Kors described his collection as Big Sur meets Big City, a blend of “East Coast urbane polish and relaxed West Coast ease” with a little John F. Kennedy Jr. and Jake Gyllenhaal thrown in for good measure. For fall, that translates into a soft and easy array of deluxe sportswear and clothing that ranged from three-button slouch jackets and “bathrobe cardigans” to tailored peacoats and down parkas.
“There are no waistbands in any of the pants,” the designer said of the bottoms, all of which were track or sweatpants in a slim silhouette. “It’s not M.C. Hammer,” he said with a laugh. Many of the pants were double-face with cotton on the inside and cashmere on the outside.
Jackets were elongated, and sweaters were either mohair or alpaca. “They look heavy, but they’re actually light,” Kors said. Lengthening the jackets will make men look taller and thinner. “Every guy wants to look taller,” he said. “And I’ve never met a man who doesn’t want a smaller waist.”
In terms of clothing, the designer offered up his interpretation of jersey tailoring in traditional fabrics such as tonal pinstripes and glen plaids, many with crinkled finishes and slouchy, unconstructed silhouettes.
“How do we make Wall Street laid back?” he asked. “This is the way for a guy to have a relaxed attitude but still be believable in the city.”
One jacket in particular was so soft that it felt like a sweater. “We knocked the stuffing out of it. It’s got a sleeve head, but no padding. It feels like a cardigan,” he said. “This is a suit that feels like sweats.”
The outerwear was a standout of the collection and included a chocolate suede fur-trimmed anorak and a cotton poplin “sleeping bag” coat, shown with double-face cashmere sweatshirts and sweatpants. “The weather bit everybody in the butt this year,” Kors said. “Everything had gotten so lightened up, but you’re not wearing a transitional jacket in this [bitterly cold weather]. And no one has cool outerwear in their closet.”
Other key pieces included a laser-cut double-face jersey reefer coat shown with a black crinkle flannel track pant and mohair pullover and a black plongé leather pleated trouser worn with a padded gabardine anorak.
“Men’s wear swings to one extreme or the other,” Kors said philosophically. “Casual Friday is ridiculous or everybody is dressed up.
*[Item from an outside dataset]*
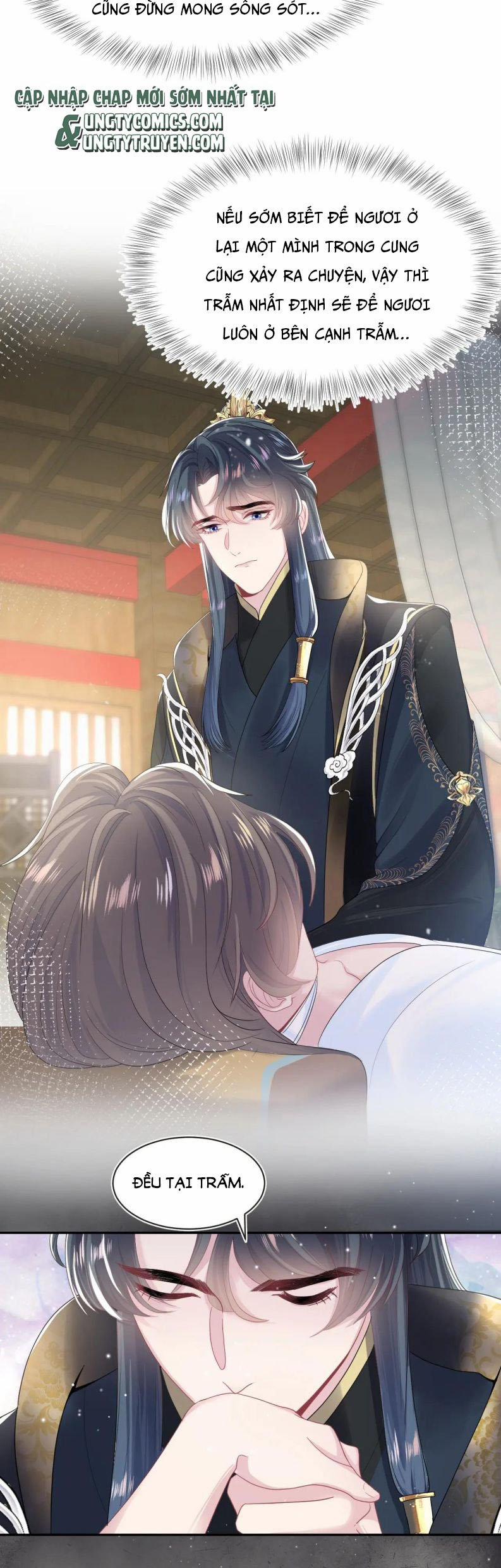 Tuyệt Mỹ Bạch Liên Hoa Online Dạy Học 51 trang 11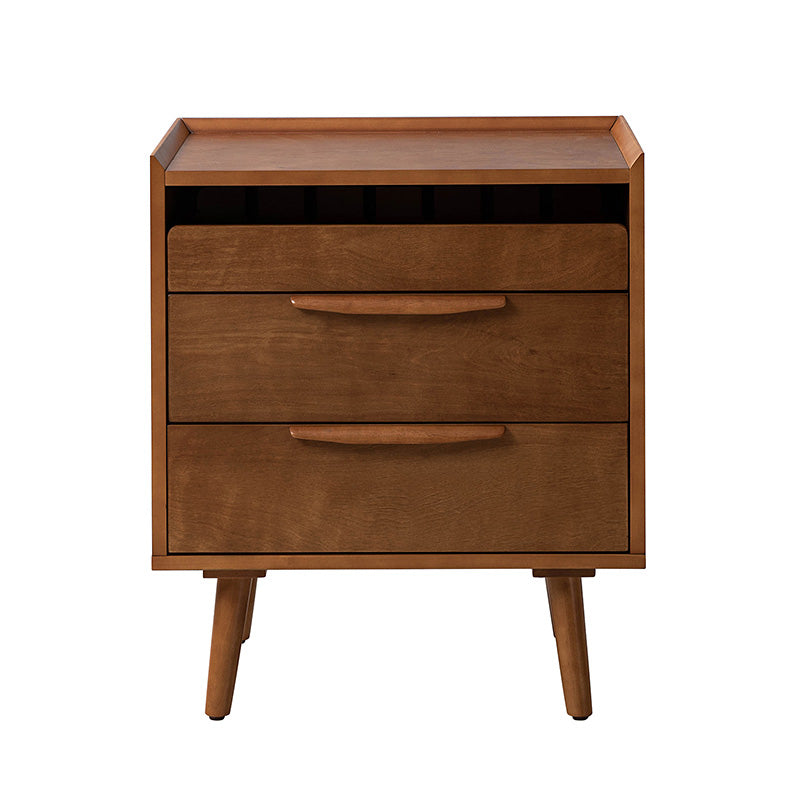 Janet 3 - Drawer Nightstand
If you’re 20, you look cool dressed up, but if you’re over 30 and look too polished, you look old.”
Kors addressed the question of New York getting a dedicated men’s fashion week, an idea that continues to gain steam. The designer said he would support the idea because the timing in late January and mid-July is better than February and September for the men’s market. But it’s unlikely he would stage a runway show for men.
“There’s something personal about getting up close,” he said. “And the minute it gets to a runway, you’re tempted to do some high jinks. I don’t want to show something I won’t produce. I want people to wear the clothes I show.”